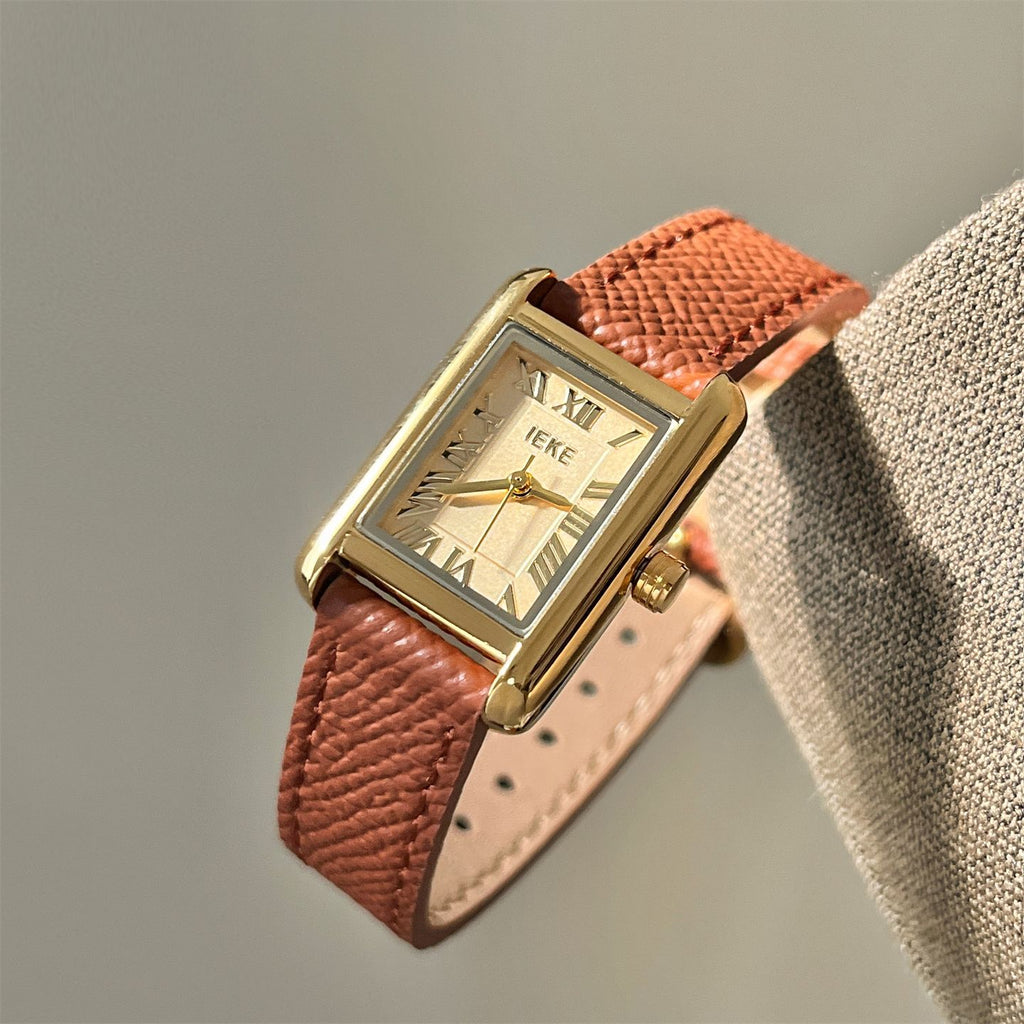 IEKE Vintage Artistic Petite Dial Leather Watch - Retro Chic Quartz Dress Watch for Women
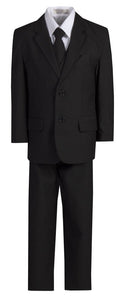Husky Boys 6 Piece 2 Button Suit with Neck Tie and Pocket Square - Tuxgear
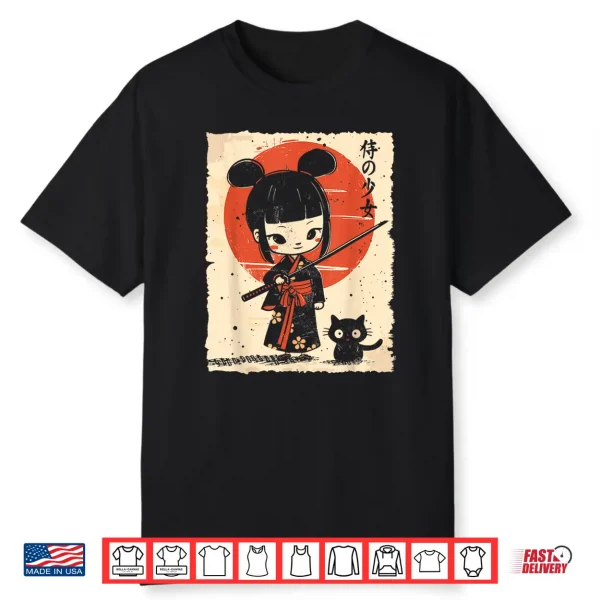 Cute Kawaii Samurai Girl With Katana & Cat Japanese Anime Shirt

WORK ORDER: Everything in the listing should be repeated exactly except the pictures.

TASK ANSWER:
 IEKE Vintage Artistic Petite Dial Leather Watch - Retro Chic Quartz Dress Watch for Women
Husky Boys 6 Piece 2 Button Suit with Neck Tie and Pocket Square - Tuxgear
 Cute Kawaii Samurai Girl With Katana & Cat Japanese Anime Shirt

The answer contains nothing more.